#### [Required action]
The expected output is the data below, restated word for word.

#### [Records for the task]
————
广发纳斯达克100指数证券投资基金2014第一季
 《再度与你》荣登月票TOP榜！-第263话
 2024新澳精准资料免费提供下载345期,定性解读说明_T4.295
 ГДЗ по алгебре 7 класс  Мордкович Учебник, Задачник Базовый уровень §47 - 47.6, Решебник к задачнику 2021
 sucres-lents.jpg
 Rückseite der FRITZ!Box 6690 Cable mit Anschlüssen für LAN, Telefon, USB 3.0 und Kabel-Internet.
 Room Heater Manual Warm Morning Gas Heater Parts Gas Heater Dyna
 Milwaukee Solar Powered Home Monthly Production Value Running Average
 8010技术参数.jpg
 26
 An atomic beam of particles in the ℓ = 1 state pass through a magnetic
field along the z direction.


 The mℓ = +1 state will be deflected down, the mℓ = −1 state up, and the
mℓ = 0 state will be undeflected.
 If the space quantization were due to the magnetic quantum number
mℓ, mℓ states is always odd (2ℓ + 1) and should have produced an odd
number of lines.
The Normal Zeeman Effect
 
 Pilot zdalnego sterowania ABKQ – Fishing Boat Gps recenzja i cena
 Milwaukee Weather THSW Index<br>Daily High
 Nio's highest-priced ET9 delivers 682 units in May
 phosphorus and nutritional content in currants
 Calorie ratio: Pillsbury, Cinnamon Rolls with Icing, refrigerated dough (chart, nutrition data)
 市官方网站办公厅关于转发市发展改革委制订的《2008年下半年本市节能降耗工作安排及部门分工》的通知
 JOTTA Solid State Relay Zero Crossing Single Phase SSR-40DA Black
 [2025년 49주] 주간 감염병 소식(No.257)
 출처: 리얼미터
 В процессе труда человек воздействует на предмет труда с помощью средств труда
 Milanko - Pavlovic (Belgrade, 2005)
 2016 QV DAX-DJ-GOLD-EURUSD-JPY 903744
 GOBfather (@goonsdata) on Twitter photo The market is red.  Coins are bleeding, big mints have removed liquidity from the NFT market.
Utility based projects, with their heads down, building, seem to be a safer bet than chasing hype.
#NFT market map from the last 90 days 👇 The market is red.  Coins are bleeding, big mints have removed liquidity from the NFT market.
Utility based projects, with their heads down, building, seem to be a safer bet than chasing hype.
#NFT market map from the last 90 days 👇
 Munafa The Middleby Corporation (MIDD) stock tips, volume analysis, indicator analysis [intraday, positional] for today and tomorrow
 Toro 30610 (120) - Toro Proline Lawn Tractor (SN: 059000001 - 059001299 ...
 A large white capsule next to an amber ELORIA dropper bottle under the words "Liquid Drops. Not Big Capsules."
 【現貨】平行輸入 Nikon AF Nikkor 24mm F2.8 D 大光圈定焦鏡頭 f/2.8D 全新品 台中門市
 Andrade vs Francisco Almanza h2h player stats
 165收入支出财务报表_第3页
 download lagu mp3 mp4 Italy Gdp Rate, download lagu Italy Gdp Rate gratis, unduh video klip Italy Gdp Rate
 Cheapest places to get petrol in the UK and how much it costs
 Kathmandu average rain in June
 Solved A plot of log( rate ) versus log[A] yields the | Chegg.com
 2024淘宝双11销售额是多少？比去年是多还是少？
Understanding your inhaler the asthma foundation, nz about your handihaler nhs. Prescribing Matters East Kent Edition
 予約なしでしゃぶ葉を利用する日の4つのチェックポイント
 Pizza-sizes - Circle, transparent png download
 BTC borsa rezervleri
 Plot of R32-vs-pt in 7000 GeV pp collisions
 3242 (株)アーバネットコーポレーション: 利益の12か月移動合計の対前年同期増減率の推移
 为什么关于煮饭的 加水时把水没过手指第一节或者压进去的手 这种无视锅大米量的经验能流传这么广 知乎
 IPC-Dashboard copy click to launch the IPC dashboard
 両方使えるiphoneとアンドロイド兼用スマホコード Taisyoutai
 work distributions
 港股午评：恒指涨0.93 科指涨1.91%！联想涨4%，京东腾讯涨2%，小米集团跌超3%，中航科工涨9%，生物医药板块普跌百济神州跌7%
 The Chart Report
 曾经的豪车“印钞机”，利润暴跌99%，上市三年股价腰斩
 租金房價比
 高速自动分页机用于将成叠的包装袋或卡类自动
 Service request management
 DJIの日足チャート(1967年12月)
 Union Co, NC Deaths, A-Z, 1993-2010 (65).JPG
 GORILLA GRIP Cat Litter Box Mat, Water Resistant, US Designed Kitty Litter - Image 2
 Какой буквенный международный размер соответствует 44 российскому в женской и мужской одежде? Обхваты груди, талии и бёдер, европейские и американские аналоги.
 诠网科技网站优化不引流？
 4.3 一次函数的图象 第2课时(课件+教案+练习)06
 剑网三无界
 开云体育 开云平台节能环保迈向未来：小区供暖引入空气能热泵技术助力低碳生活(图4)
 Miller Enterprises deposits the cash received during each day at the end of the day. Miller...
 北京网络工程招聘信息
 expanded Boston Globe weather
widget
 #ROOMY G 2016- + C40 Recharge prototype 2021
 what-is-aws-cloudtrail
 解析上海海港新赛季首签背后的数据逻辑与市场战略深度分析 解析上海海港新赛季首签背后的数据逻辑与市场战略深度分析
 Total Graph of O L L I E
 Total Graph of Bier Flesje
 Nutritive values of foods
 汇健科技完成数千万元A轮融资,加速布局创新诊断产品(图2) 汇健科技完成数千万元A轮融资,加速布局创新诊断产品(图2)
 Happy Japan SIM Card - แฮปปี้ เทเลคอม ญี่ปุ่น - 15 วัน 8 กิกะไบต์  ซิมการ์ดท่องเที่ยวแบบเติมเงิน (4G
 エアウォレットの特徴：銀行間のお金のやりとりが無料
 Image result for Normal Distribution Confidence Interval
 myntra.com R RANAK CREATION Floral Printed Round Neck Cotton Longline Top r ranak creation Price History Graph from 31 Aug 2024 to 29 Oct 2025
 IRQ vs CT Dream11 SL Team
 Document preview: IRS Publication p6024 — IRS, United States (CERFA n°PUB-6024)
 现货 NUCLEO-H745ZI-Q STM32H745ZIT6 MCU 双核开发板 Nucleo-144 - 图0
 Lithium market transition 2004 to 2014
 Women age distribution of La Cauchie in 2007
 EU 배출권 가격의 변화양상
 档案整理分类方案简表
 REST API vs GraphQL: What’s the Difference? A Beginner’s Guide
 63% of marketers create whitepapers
————
#### [Solution]
广发纳斯达克100指数证券投资基金2014第一季
 《再度与你》荣登月票TOP榜！-第263话
 2024新澳精准资料免费提供下载345期,定性解读说明_T4.295
 ГДЗ по алгебре 7 класс  Мордкович Учебник, Задачник Базовый уровень §47 - 47.6, Решебник к задачнику 2021
 sucres-lents.jpg
 Rückseite der FRITZ!Box 6690 Cable mit Anschlüssen für LAN, Telefon, USB 3.0 und Kabel-Internet.
 Room Heater Manual Warm Morning Gas Heater Parts Gas Heater Dyna
 Milwaukee Solar Powered Home Monthly Production Value Running Average
 8010技术参数.jpg
 26
 An atomic beam of particles in the ℓ = 1 state pass through a magnetic
field along the z direction.


 The mℓ = +1 state will be deflected down, the mℓ = −1 state up, and the
mℓ = 0 state will be undeflected.
 If the space quantization were due to the magnetic quantum number
mℓ, mℓ states is always odd (2ℓ + 1) and should have produced an odd
number of lines.
The Normal Zeeman Effect
 
 Pilot zdalnego sterowania ABKQ – Fishing Boat Gps recenzja i cena
 Milwaukee Weather THSW Index<br>Daily High
 Nio's highest-priced ET9 delivers 682 units in May
 phosphorus and nutritional content in currants
 Calorie ratio: Pillsbury, Cinnamon Rolls with Icing, refrigerated dough (chart, nutrition data)
 市官方网站办公厅关于转发市发展改革委制订的《2008年下半年本市节能降耗工作安排及部门分工》的通知
 JOTTA Solid State Relay Zero Crossing Single Phase SSR-40DA Black
 [2025년 49주] 주간 감염병 소식(No.257)
 출처: 리얼미터
 В процессе труда человек воздействует на предмет труда с помощью средств труда
 Milanko - Pavlovic (Belgrade, 2005)
 2016 QV DAX-DJ-GOLD-EURUSD-JPY 903744
 GOBfather (@goonsdata) on Twitter photo The market is red.  Coins are bleeding, big mints have removed liquidity from the NFT market.
Utility based projects, with their heads down, building, seem to be a safer bet than chasing hype.
#NFT market map from the last 90 days 👇 The market is red.  Coins are bleeding, big mints have removed liquidity from the NFT market.
Utility based projects, with their heads down, building, seem to be a safer bet than chasing hype.
#NFT market map from the last 90 days 👇
 Munafa The Middleby Corporation (MIDD) stock tips, volume analysis, indicator analysis [intraday, positional] for today and tomorrow
 Toro 30610 (120) - Toro Proline Lawn Tractor (SN: 059000001 - 059001299 ...
 A large white capsule next to an amber ELORIA dropper bottle under the words "Liquid Drops. Not Big Capsules."
 【現貨】平行輸入 Nikon AF Nikkor 24mm F2.8 D 大光圈定焦鏡頭 f/2.8D 全新品 台中門市
 Andrade vs Francisco Almanza h2h player stats
 165收入支出财务报表_第3页
 download lagu mp3 mp4 Italy Gdp Rate, download lagu Italy Gdp Rate gratis, unduh video klip Italy Gdp Rate
 Cheapest places to get petrol in the UK and how much it costs
 Kathmandu average rain in June
 Solved A plot of log( rate ) versus log[A] yields the | Chegg.com
 2024淘宝双11销售额是多少？比去年是多还是少？
Understanding your inhaler the asthma foundation, nz about your handihaler nhs. Prescribing Matters East Kent Edition
 予約なしでしゃぶ葉を利用する日の4つのチェックポイント
 Pizza-sizes - Circle, transparent png download
 BTC borsa rezervleri
 Plot of R32-vs-pt in 7000 GeV pp collisions
 3242 (株)アーバネットコーポレーション: 利益の12か月移動合計の対前年同期増減率の推移
 为什么关于煮饭的 加水时把水没过手指第一节或者压进去的手 这种无视锅大米量的经验能流传这么广 知乎
 IPC-Dashboard copy click to launch the IPC dashboard
 両方使えるiphoneとアンドロイド兼用スマホコード Taisyoutai
 work distributions
 港股午评：恒指涨0.93 科指涨1.91%！联想涨4%，京东腾讯涨2%，小米集团跌超3%，中航科工涨9%，生物医药板块普跌百济神州跌7%
 The Chart Report
 曾经的豪车“印钞机”，利润暴跌99%，上市三年股价腰斩
 租金房價比
 高速自动分页机用于将成叠的包装袋或卡类自动
 Service request management
 DJIの日足チャート(1967年12月)
 Union Co, NC Deaths, A-Z, 1993-2010 (65).JPG
 GORILLA GRIP Cat Litter Box Mat, Water Resistant, US Designed Kitty Litter - Image 2
 Какой буквенный международный размер соответствует 44 российскому в женской и мужской одежде? Обхваты груди, талии и бёдер, европейские и американские аналоги.
 诠网科技网站优化不引流？
 4.3 一次函数的图象 第2课时(课件+教案+练习)06
 剑网三无界
 开云体育 开云平台节能环保迈向未来：小区供暖引入空气能热泵技术助力低碳生活(图4)
 Miller Enterprises deposits the cash received during each day at the end of the day. Miller...
 北京网络工程招聘信息
 expanded Boston Globe weather
widget
 #ROOMY G 2016- + C40 Recharge prototype 2021
 what-is-aws-cloudtrail
 解析上海海港新赛季首签背后的数据逻辑与市场战略深度分析 解析上海海港新赛季首签背后的数据逻辑与市场战略深度分析
 Total Graph of O L L I E
 Total Graph of Bier Flesje
 Nutritive values of foods
 汇健科技完成数千万元A轮融资,加速布局创新诊断产品(图2) 汇健科技完成数千万元A轮融资,加速布局创新诊断产品(图2)
 Happy Japan SIM Card - แฮปปี้ เทเลคอม ญี่ปุ่น - 15 วัน 8 กิกะไบต์  ซิมการ์ดท่องเที่ยวแบบเติมเงิน (4G
 エアウォレットの特徴：銀行間のお金のやりとりが無料
 Image result for Normal Distribution Confidence Interval
 myntra.com R RANAK CREATION Floral Printed Round Neck Cotton Longline Top r ranak creation Price History Graph from 31 Aug 2024 to 29 Oct 2025
 IRQ vs CT Dream11 SL Team
 Document preview: IRS Publication p6024 — IRS, United States (CERFA n°PUB-6024)
 现货 NUCLEO-H745ZI-Q STM32H745ZIT6 MCU 双核开发板 Nucleo-144 - 图0
 Lithium market transition 2004 to 2014
 Women age distribution of La Cauchie in 2007
 EU 배출권 가격의 변화양상
 档案整理分类方案简表
 REST API vs GraphQL: What’s the Difference? A Beginner’s Guide
 63% of marketers create whitepapers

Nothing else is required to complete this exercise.